Before we dive in, some quick back story. Off Color Brewing opened in Chicago in March 2013, brought to life by two former brewers: John Laffler of Goose Island and Dave Bleitner of Two Brothers. At the brewery’s launch party, a local pastry chef cooked up a batch of dinosaur-shaped s’mores for munching; these treats provided the inspiration for an imperial stout Off Color would later brew in collaboration with Danish brewer Amager Bryghus and venerable Windy City bottle shop West Lakeview Liquors. The beer—flavored with marshmallow fluff, molasses, vanilla beans, graham flour and cocoa nibs—was named Dino S’mores and has been available on draft and in bottles since 2014.
The first iteration of Coffee Dino S’mores, brewed with Chicago-based roasters Quasar Coffee, was released March 2015; the most recent batch was made with Metric Coffee, another local roaster, and went out last month.
The standard Dino S’mores is already a special beer made with many specialty ingredients—can it be improved by adding another? We tried both versions of the brew side-by-side to find out.
No clear advantage here. Both brews are syrup-thick and black as coal, with cinnamon-colored caps that have the appearance of boiling sugar. No complaints with either brew.

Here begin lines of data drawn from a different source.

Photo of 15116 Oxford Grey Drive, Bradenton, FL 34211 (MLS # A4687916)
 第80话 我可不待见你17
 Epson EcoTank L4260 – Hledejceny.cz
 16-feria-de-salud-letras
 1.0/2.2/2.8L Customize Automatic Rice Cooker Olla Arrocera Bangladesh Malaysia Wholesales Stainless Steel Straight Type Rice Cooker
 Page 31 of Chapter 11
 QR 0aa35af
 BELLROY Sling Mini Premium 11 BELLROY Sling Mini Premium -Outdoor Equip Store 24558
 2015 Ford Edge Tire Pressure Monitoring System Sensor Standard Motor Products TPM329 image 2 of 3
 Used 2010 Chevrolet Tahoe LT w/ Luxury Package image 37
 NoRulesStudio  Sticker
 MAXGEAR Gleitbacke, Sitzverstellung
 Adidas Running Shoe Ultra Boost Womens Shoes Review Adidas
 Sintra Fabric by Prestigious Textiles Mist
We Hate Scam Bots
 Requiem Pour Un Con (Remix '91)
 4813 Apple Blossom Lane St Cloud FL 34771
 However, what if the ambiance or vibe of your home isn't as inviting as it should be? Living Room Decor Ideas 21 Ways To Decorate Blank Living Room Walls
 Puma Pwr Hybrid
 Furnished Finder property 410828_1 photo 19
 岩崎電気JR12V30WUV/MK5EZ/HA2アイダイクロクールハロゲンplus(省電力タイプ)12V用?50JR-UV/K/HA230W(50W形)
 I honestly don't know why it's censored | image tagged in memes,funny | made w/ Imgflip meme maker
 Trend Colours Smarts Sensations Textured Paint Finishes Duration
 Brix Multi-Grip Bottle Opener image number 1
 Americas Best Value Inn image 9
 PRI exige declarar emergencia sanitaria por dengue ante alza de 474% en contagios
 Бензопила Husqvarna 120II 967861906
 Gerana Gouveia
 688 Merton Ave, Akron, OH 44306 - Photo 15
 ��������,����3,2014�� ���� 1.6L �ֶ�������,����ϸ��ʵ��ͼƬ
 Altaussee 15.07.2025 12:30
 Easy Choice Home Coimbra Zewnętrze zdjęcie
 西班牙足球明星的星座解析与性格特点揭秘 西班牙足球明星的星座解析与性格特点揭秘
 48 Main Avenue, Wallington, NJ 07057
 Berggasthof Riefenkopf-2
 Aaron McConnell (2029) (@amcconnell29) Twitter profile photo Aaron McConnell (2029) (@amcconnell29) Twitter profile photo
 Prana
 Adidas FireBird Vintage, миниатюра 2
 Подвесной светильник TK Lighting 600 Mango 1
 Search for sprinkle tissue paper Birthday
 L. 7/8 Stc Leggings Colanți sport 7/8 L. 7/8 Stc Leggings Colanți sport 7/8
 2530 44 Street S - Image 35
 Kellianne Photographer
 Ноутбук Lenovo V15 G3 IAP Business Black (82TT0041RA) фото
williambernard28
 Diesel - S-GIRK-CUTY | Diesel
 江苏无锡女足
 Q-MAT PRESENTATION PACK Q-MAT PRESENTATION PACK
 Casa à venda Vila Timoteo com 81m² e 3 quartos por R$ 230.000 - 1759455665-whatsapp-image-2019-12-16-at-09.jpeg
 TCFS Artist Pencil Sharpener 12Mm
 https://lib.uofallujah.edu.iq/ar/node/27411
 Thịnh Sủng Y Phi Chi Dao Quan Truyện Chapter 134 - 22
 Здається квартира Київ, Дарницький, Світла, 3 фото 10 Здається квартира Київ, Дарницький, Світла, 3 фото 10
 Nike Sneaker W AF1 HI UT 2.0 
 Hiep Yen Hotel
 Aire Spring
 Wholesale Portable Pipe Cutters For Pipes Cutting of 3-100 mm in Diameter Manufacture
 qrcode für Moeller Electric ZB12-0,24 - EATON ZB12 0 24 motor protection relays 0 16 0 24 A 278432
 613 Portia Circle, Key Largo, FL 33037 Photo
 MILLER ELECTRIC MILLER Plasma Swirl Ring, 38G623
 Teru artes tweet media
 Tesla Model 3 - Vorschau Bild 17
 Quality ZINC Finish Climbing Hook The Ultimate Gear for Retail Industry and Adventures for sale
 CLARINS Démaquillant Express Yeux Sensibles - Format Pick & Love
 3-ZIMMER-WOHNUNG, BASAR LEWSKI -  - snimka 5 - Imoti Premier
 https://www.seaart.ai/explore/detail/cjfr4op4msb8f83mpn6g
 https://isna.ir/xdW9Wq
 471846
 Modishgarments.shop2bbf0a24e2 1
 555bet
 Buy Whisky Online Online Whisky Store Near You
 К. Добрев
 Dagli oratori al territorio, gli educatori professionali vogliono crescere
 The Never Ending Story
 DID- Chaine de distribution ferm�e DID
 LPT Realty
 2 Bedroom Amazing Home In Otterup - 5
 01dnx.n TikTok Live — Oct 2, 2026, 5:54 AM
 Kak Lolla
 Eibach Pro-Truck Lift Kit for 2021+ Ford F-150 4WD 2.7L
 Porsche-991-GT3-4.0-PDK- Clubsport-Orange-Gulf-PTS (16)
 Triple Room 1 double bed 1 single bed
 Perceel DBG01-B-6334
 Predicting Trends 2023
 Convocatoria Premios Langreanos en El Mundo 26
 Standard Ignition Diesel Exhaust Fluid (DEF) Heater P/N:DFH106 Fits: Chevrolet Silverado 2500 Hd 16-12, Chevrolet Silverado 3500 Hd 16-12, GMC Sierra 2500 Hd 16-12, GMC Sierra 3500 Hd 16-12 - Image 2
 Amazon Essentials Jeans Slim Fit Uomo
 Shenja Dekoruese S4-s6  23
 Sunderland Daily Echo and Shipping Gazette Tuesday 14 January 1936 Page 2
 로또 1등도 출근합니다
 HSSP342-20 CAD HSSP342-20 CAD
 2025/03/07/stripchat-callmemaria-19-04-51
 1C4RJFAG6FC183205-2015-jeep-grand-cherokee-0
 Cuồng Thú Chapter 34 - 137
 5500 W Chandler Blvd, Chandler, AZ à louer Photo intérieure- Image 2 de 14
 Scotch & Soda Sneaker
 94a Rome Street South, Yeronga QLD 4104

The distinction between the two bottles is pronounced. The standard Dino S’mores is primarily sweet and sugary, swirling with a bouquet of blackstrap molasses, graham cracker and marshmallow fluff atop a layer of alcohol and milk chocolate. The coffee-laden version is, well, coffee-laden. Brewed with Sumatran Ibu Rumani beans, the nose exhibits a nutty, fruity blend of blueberries and oily walnut. Once you become acclimated to the coffee, some cocoa and vanilla are noticable below, though compared to the regular version of the beer, the marshmallow note is somewhat lost.
ADVANTAGE: Dino S’mores
Marshmallows and raisins lead the standard brew’s flavor, followed by honey-laden graham cracker. While sugars are certainly part of the flavor’s front, the finish isn’t too sweet, delivering bitterish roast and booze. Drink it warm to allow the marshmallow notes to reveal themselves, and each ingredient in the brew is apparent—which is more than we can say for Coffee Dino S’mores. Once again, beanlike bitterness covers up the other adjuncts and causes the finish to come across somewhat muddled. Restrained, nutty coffee arrives just before the swallow, but it doesn’t get along with the vanilla, oddly, and has completely shrouded the graham cracker.
ADVANTAGE: Dino S’mores
WINNER: Dino S’mores. While the caffeine-spiked version of this specialty stout makes for a lovely coffee beer, you lose what makes its base great: a surprisingly restrained and in-balance blend of adjuncts. Less, it turns out, actually can be s’more.